Following complaints, Johnson was in August last year found by a state department watchdog to have “sometimes made inappropriate or insensitive comments” and directed to watch a video on workplace harassment.
One simply never made it to their post. Mark Burkhalter, a Georgia real estate developer, had his nomination for ambassador to Norway returned after he failed to disclose his participation in circulating a racist flyer during a Georgia political contest.
While the practice of rewarding supporters with ambassadorships was super-sized by Trump, the Biden administration’s desire to create daylight between it and its predecessor could help to usher in reforms of practice.
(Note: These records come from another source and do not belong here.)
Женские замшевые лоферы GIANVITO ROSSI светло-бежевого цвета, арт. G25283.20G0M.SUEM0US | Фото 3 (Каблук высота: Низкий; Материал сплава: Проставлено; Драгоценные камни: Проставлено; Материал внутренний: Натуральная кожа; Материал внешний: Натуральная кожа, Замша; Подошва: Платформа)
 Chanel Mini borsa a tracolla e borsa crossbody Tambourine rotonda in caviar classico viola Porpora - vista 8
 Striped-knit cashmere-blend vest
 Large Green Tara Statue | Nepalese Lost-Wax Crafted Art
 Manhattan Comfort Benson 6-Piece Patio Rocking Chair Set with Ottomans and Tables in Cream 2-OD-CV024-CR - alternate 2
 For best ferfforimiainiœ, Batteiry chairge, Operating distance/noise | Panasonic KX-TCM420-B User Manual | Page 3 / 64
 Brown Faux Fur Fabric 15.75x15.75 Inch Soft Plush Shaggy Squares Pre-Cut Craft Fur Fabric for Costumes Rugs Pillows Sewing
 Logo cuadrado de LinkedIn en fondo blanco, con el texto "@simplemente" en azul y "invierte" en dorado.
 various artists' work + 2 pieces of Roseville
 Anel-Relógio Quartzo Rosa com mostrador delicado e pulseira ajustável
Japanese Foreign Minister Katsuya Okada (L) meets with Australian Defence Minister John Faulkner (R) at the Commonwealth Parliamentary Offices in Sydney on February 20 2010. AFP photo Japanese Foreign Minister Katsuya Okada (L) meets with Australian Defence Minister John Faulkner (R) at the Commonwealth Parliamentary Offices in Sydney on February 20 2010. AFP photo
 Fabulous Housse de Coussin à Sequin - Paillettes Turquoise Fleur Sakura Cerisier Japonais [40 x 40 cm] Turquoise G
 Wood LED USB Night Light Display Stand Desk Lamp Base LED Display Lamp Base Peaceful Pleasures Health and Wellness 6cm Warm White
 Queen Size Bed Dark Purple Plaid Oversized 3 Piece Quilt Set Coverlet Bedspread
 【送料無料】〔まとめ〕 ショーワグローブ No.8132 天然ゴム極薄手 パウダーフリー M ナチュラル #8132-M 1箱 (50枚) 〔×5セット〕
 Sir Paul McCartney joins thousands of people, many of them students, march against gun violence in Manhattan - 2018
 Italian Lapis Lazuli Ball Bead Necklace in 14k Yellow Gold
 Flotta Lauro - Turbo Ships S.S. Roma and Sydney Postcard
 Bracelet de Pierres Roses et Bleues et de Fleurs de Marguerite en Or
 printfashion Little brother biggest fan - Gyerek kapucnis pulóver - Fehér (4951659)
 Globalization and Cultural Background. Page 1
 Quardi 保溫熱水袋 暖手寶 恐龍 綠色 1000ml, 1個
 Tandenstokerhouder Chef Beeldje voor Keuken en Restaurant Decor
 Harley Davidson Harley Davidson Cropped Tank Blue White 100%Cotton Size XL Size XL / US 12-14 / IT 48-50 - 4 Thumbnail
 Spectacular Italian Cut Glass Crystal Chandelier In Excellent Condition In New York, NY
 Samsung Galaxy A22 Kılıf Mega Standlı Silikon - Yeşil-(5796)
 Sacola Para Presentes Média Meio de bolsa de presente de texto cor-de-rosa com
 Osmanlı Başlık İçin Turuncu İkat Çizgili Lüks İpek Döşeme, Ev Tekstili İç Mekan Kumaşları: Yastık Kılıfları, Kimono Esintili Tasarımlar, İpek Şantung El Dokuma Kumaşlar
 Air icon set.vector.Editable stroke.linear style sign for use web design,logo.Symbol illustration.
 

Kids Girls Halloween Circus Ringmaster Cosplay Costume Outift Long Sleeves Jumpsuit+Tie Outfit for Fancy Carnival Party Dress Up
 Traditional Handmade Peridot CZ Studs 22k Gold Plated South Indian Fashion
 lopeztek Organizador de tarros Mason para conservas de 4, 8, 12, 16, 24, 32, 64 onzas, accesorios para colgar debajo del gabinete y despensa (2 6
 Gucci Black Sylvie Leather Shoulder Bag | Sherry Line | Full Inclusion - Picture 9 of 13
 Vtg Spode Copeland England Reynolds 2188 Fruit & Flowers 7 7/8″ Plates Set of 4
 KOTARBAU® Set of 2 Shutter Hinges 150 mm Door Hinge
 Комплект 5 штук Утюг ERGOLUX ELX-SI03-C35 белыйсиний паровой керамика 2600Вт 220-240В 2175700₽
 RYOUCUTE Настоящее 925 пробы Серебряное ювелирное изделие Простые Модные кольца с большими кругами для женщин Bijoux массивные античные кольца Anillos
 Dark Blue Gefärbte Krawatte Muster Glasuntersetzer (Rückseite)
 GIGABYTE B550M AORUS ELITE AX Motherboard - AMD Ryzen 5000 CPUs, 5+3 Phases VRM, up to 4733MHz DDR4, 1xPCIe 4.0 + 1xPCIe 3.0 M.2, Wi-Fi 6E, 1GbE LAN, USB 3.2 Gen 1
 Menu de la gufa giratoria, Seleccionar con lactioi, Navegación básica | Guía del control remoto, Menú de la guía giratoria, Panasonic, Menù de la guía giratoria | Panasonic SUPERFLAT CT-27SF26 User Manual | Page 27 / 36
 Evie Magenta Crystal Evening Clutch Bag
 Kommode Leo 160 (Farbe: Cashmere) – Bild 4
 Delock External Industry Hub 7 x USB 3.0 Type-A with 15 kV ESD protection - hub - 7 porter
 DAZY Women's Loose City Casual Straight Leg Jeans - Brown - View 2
Echoing Neuman, Axios recently reported that the White House is “tempering the ambassadorial expectations of his big-dollar donors”.
According to Sarah Bryner, research director at Center for Responsive Politics, “Trump was a deviation from the norm with patronage appointments” and the Biden administration is likely to reduce but not eliminate the practice.
“While the whole concept of patronage is problematic, the thing about ambassadorships is that they’re a pretty low-cost way to reward supporters and allies by placing them in foreign positions that are unlikely to have serious negative consequences,” Bryner told the Guardian.
But, Bryner said, “there has been a lot of pressure put on Biden to restore morale in the state department and restore America’s image abroad, so that might result in him being a little bit more cautious. Does that mean we’re not going to see Rahm Emanuel, or other Democratic donors and supporters appointed? No, but there’s still a lot of pressure in this space.”